Cumulative effects of externalities are hard to even measure, let alone “correct” by taxation.
Who in the outer edges of the Sydney CBD benefits and who loses from automotive pollution?
You seem to only like efficient and progressive taxes. Personally, I prefer to keep taxes low and proportional.
At no stage did I say I prefer progressive tax to proportional tax. In fact, I’m pretty sure I explixitly indicated support for 30/30 and flat-rate broad-based GST. But a carbon tax is not a proportional tax.
And I thought it was pretty clear from the context of my argument, that my comments about efficiency were with regards to the efficiency of the marketplace – not the efficiency with which tax could be collected.
You also don’t seem to understand what makes a tax efficient anyway (Ramsey efficiency dictates than it’s best to tax products with price inelastic demand/supply).
Yes, tax on products with inelastic demand/supply are efficient at gathering taxes, but that does not mean they are the most
efficient result for the marketplace. Fuel, for instance, is a basic input cost for many other products. When petrol prices go up, so does the cost of other things (eg, fruit). When the price of these other things go up, their demand goes down.
Also, a carbon tax is not simply a tax on fossil fuel, for which demand is less elastic. It is a tax on emissions. Brendan gave the example of methane emmisions from cows… Bob Brown is already on the warpath about tree loggers burning off deforested areas, claiming them as one of “the big CO2 offendors”.
As for how our energies should be spent… you decide for you and I’ll decide for me.
I do decide for myself, John – and I will continue to try and persuade other people to see it my way
You can debate utopia and I’ll try to actually influence political reality. The most pointless waste of energies was people complaining that my hypothetical question was evil.
I never personally called your question evil, and did provide an answer. But you can’t expect people to to say which of the answers was better without qualifying their statements. My answer from the beginning was essentially, “tax is better of the options provided, but…”
And yes, whenever this and other sites start arguing over which action is the most libertarian, it inevitably leads to these sort of arguments… but that was essentially your question in the first place, so I don’t know why the result was unexpected.
Thanks to Jason Soon and catallaxyfiles ( http://catallaxyfiles.com/?p=2554 ), see this article at leftwrites:
http://www.leftwrites.net/2007/02/15/global-warming-my-bright-ideas
Fleeced — 30/30 is progressive, as are all flat income taxes. The GST is proportional. The carbon tax is regressive. The fuel tax is regressive. The cigarette tax is regressive. The gambling tax is regressive. And more to the point, broad-based taxes are easier to increase. Regressive, narrow tax are more difficult to increase.

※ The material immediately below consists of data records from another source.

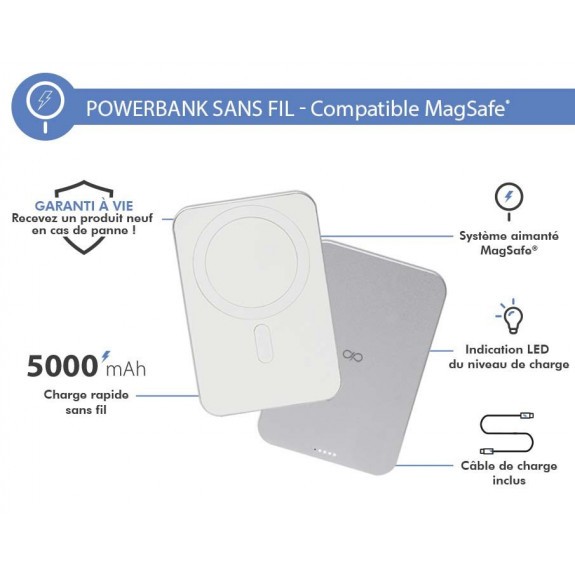 Batterie Externe Induction Magsafe Force Power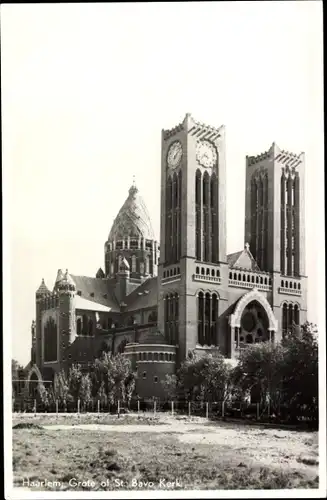 Ak Haarlem Nordholland Niederlande, St. Bravo Kerk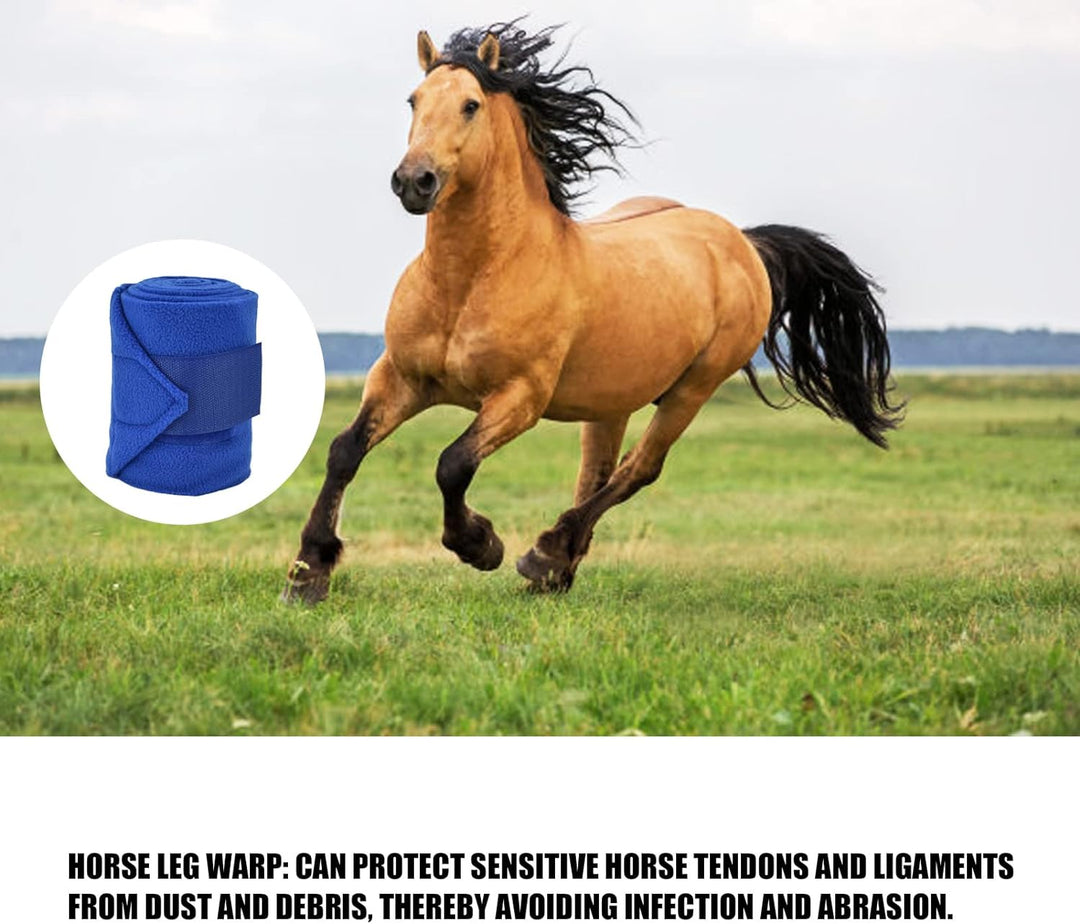 Mumusuki Pferdebandagen Beinwickel, Stallbandagen Pferd Reitbeinwickel Pferdebeinstiefel Blaue Banda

You seem to be supporting the more progressive taxes which are easier to raise (you didn’t state it like this — I just noticed it). And for some reason you have identified one regressive tax as infinitely more “evil” (yes, I know you didn’t use this word) than the others. Strange.
Um… you don’t seem to understand what “efficient tax” means. It is exactly what you say it is not (ie an efficient tax is one that distorts the marketplace least).
You repeat Brendan’s strange complaint about methane from cows. This issue is easily dealt with and has been dealt with in countries that already have a carbon tax. You might as well as an income tax is evil because it can’t effectively tax housework.
“Cumulative effects of externalities are hard to even measure, let alone “correct” by taxation.
Who in the outer edges of the Sydney CBD benefits and who loses from automotive pollution?”
Mark for the mentally constipated EVERYWHERE!!!!!!
WHAT EXTERNALITIES?????
CO2-release is a POSITIVE externality.
Under the science there is just no doubt about that whatsoever.
Not unless you can prove that CO2 actually cools things down.
>>>>>>>>>
Now lets get this right here.
The stupidity of the rest of the world gives us a massive niche-market for both publicity and sponsorship here.
The science says that CO2 is a good thing.
But the alarmist scientists and the press say its a bad thing.
This is a once in a lifetime opportunity for us to exploit.
If we can’t take advantage of this juxtaposition we ought to have our asses whipped and be sent back to our countries of ultimate origin.
If you are in the least bit in doubt that CO2 release is a good thing then sort it out with the science.
ITS NOT A LINE-BALL CALL.
if government action on climate change is inevitable, what is the best (or least worst) alternative? Subsidies? Carbon trading? Carbon tax? Regulations?
I have no objections to a hypothetical question. However, I have very little idea how any of the options would work in practice.
How would a carbon tax work? How could I trade carbon? What might be subsidised or regulated?
I’m only acting slightly dumber than I really am. I slept through much of the single unit of economics I took.
30/30 is progressive, as are all flat income taxes.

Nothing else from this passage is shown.